This piece probably gets a significant part of the story.

Finding a way to blame the "Bush tax cuts" - the same ones that Obama is likely to keep in place- for part of the crisis was a nice bit of sophistry. That kind of dishonest, ideological stretch undermines the credibility of the rest of the article.

Spag: If you read Rand's Hymn to Money in Atlas Shrugged you will know that Greenspan had long abandoned Rand's ideas on individualism and free markets and adopted Keynsianism as the cure for the what Keynes called a relic. The article does misinform and obfuscate events and facts. Can 10-15 guys in ties pull magical thinking tricks on millions of registered bildungsfilisters? VP proves they will try. This blog proves that someone will post the attempt. I thought I was the only one offended here.
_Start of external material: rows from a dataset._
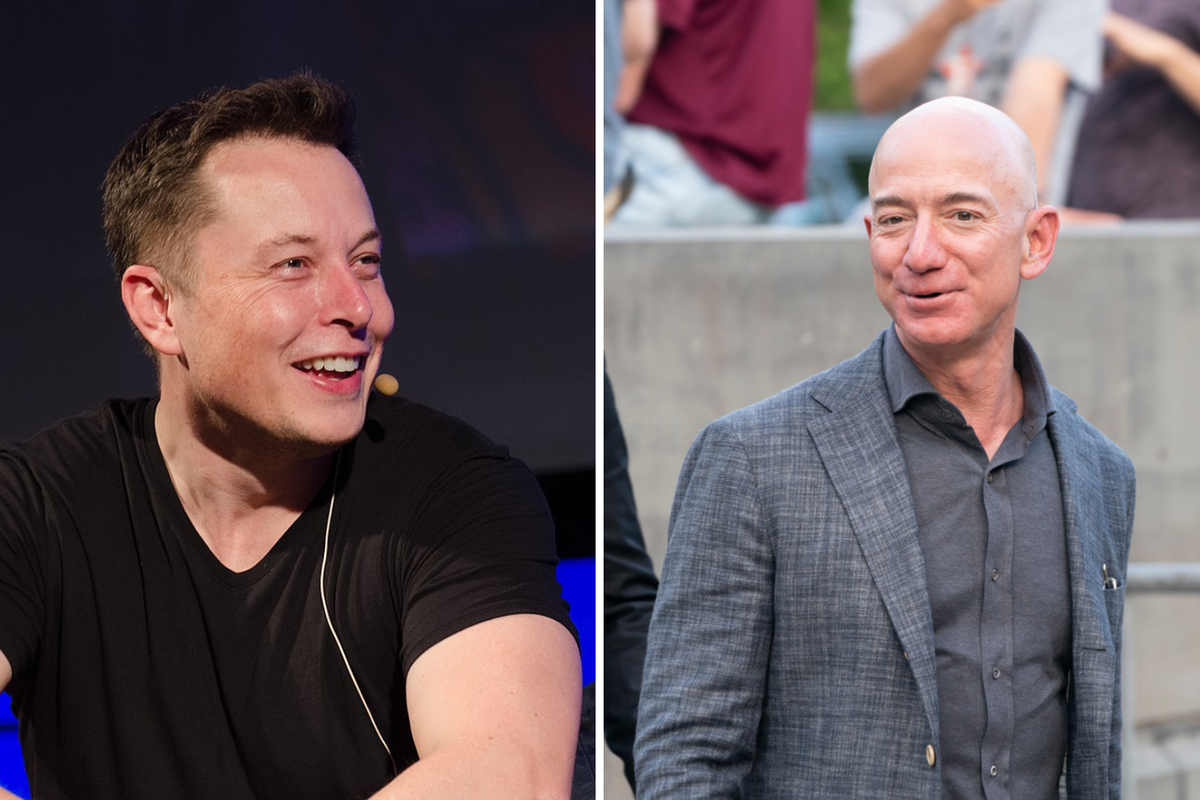 Pushing Rivalry Aside: Elon Musk And Jeff Bezos Agree On How Good This Streaming Show Is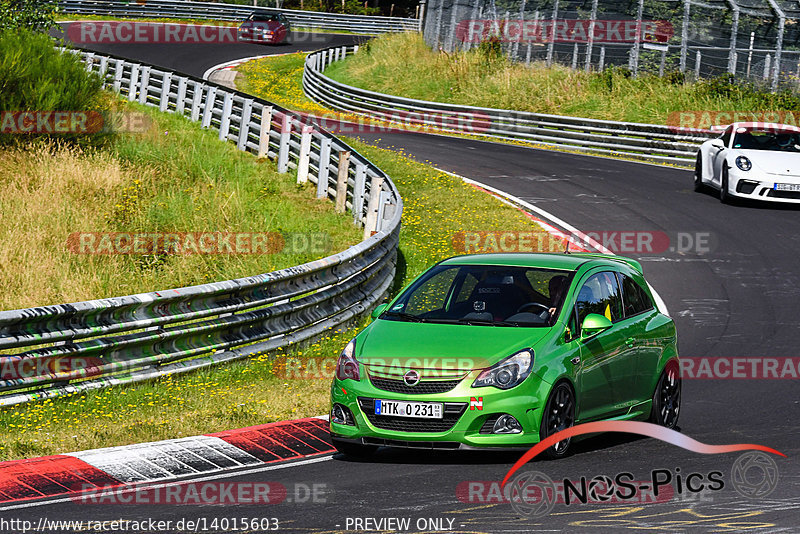 Bild #14015603 - Touristenfahrten Nürburgring Nordschleife (15.08.2021)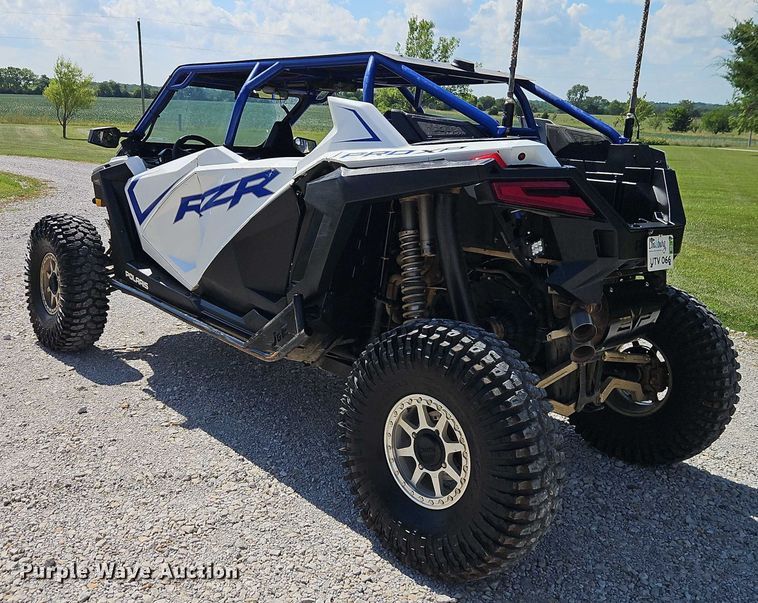 image for item EO4525 2020 Polaris RXR 1000 PRO XP4 utility vehicle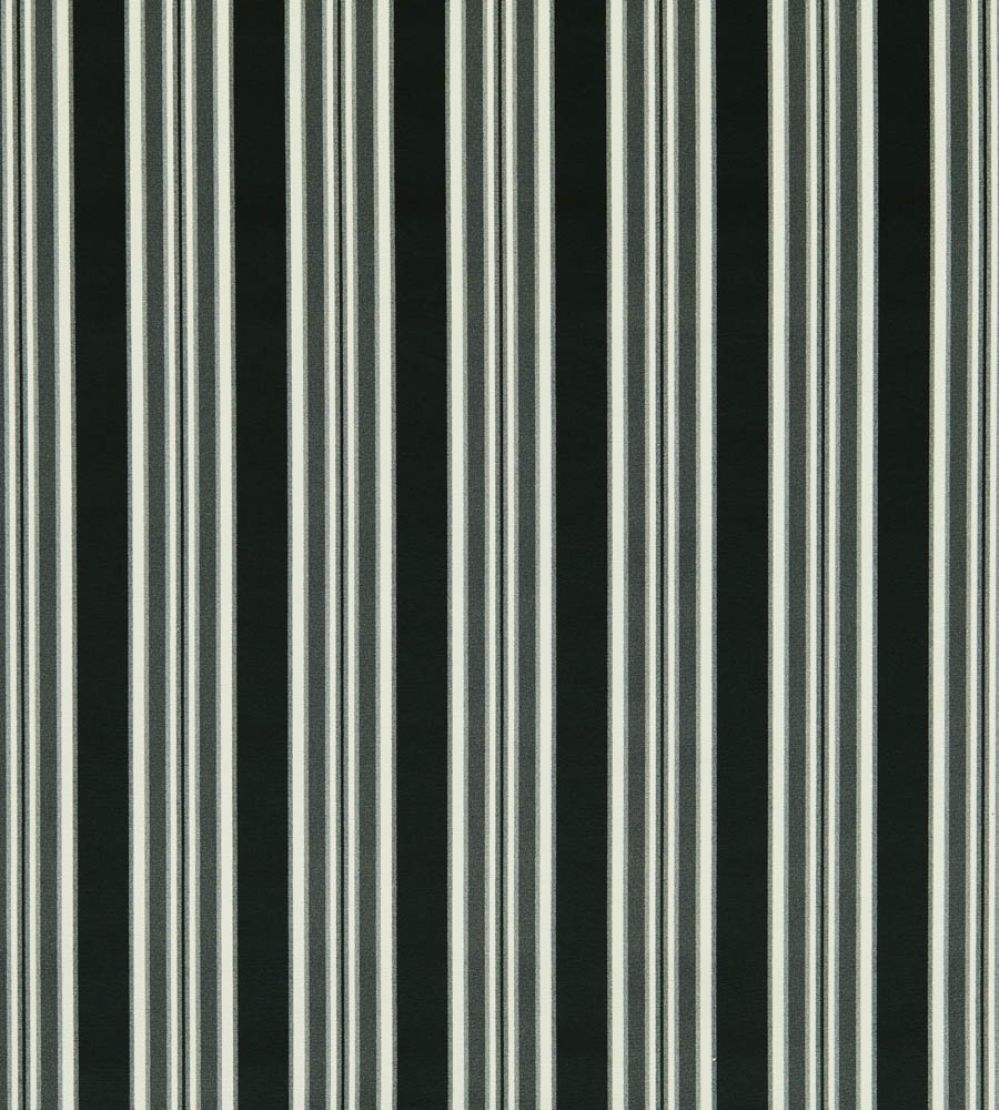 Wilmott Fabric by Clarke & Clarke Ebony
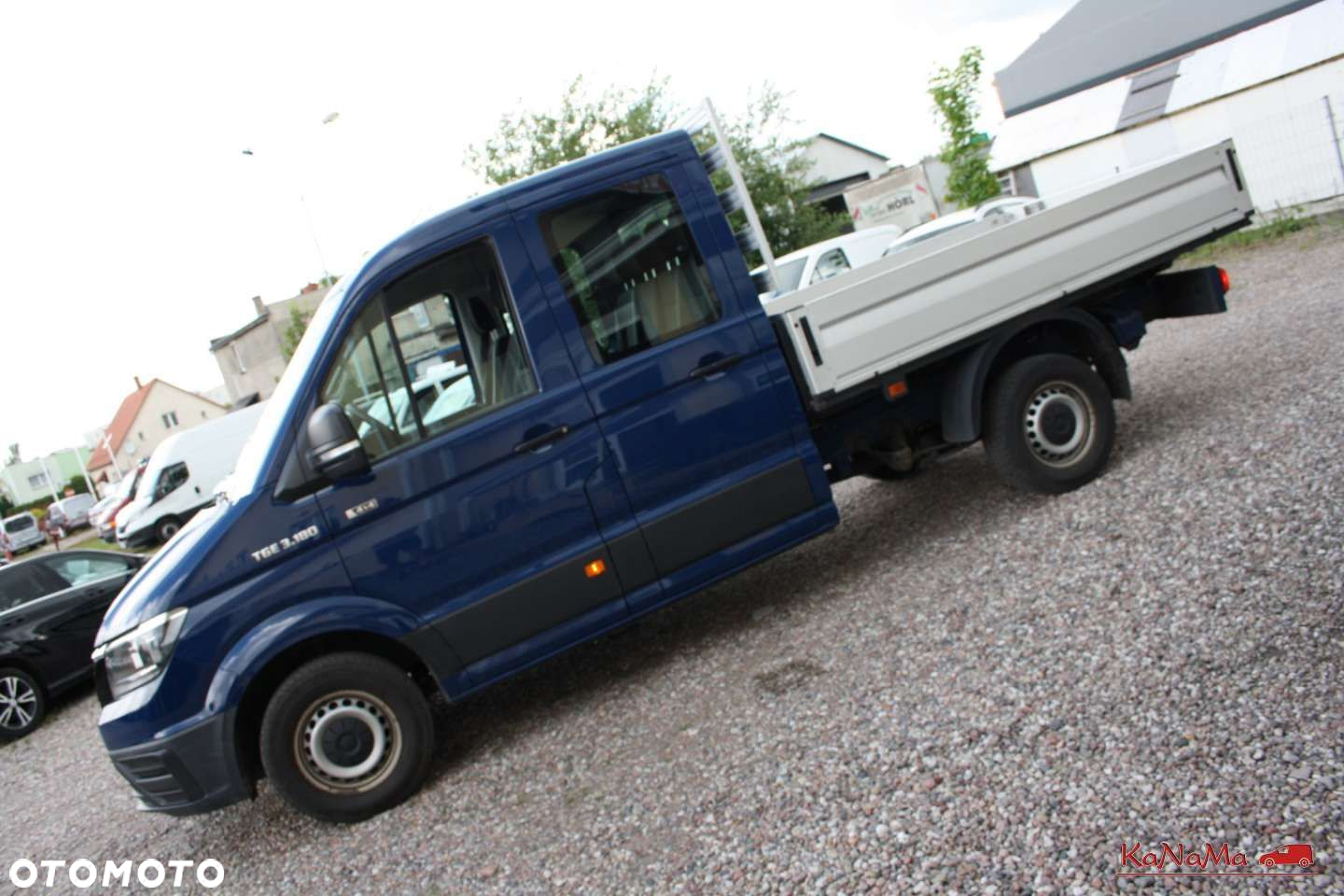 MAN TGE 3 180 - 4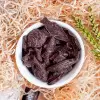 SACHET FRITURE AU CHOCOLAT PERSONNALISABLE 50G BIO 'MIAM'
Rand asks a good question in the Hymn..".. if ..money is the root of all evil, what is the root of money?" Every writer has a slant but VF went parallel on this effort to confuse the reader. Thanx

Funny, we had over seven years of Bushco telling us all was fine when actually everything was falling apart and still Sammy wants to take up for the Neocons.

I doubt the Bush tax cuts were all of the problem but to suggest in any way, shape or form that Bushco's cuts did anything to help this country is a farce and everyone knows it to be true.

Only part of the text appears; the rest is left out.